True Facts About 4 Real Estate Reality TV Myths

True Facts About 4 Real Estate Reality TV MythsMany of us are guilty of plopping on the sofa and binge-watching reality TV home flipping shows. The allure of buying and selling homes for big profits with no boss looking over our shoulders has major lifestyle appeal.

Shows like “Love it or List it,” “House Hunters,” “Flip or Flop” and others make it look incredibly simple. Even when they face adversity such as rotted wood or bad pipes, the way the reality TV stars overcome adversity is more of an inspiration than a deterrent. And plenty of everyday people do manage to succeed in the house-flipping industry.

But many of the myths these ratings-driven shows perpetuate could use a little busting.

Consider these four common house-flipping myths and the true facts behind them.

1: Three Viewings And A Closing

Reality TV shows tend to show viewers the industry professional looking at no more than three homes before making a flipping decision.
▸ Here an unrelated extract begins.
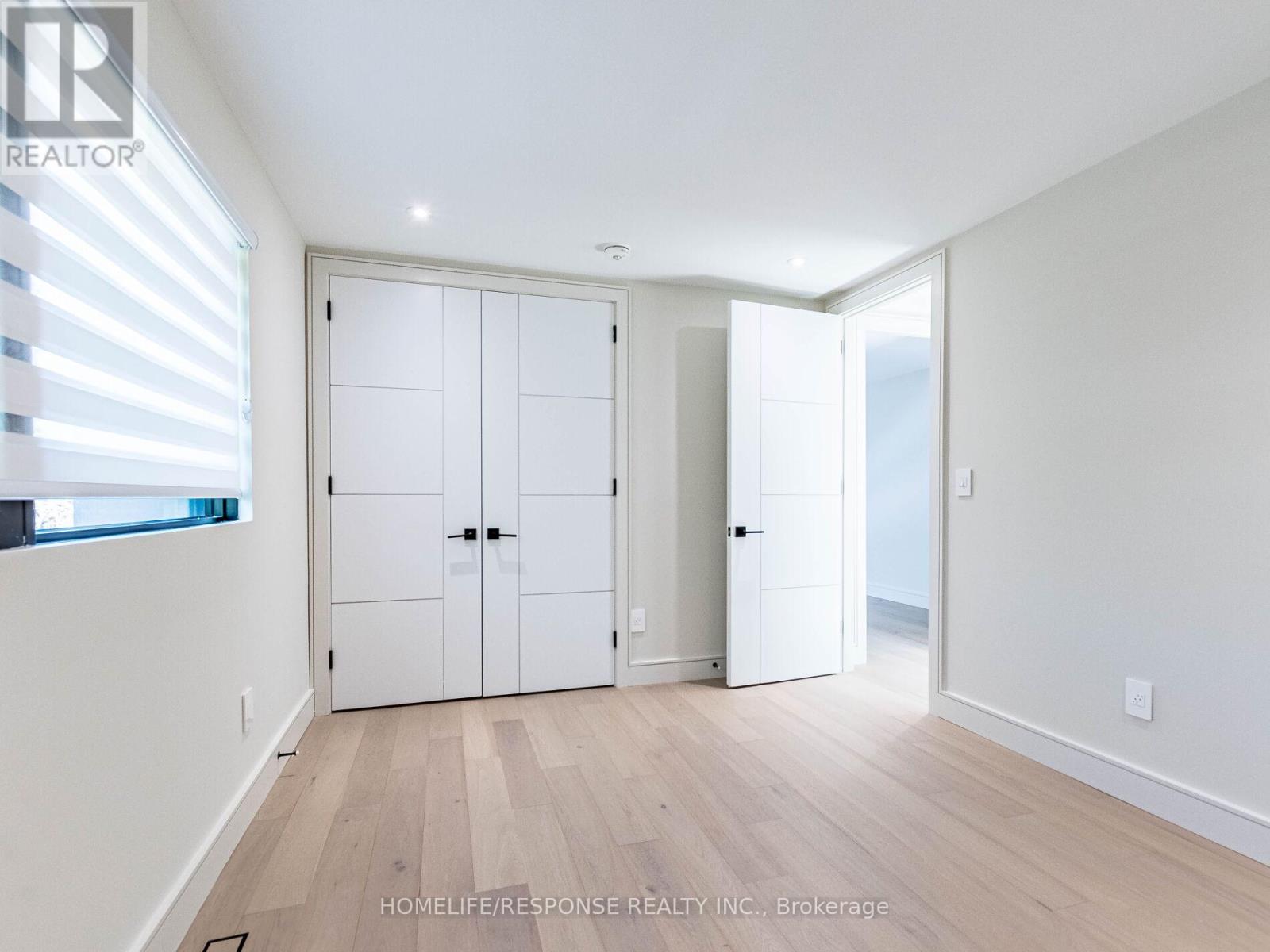 6b Pine Avenue N, Mississauga, Ontario  L5H 2P8 - Photo 32 - W12145775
That may play into the limited time slot they have but it’s far removed from reality.

True Facts: It’s not uncommon for potential home buyers to fall head over heels for the first property they view. After all, buyers often already like the neighborhood, school system, and home style. But the National Association of Realtors reports that the average person looks at about 10 properties before making a decision. Home flippers are additionally tasked with developing a return on investment plan. Three and done is not reality, it’s just TV.

2: Homes Linger On The Market

TV shows follow home flippers who seem to have all the time in the world before making an offer.

True Facts: Most of the purchase and sale process is simply staged for television. The homes have been pre-purchased before filming. Today, we are experiencing a seller’s market, meaning there are more buyers than inventory. Homes move quickly.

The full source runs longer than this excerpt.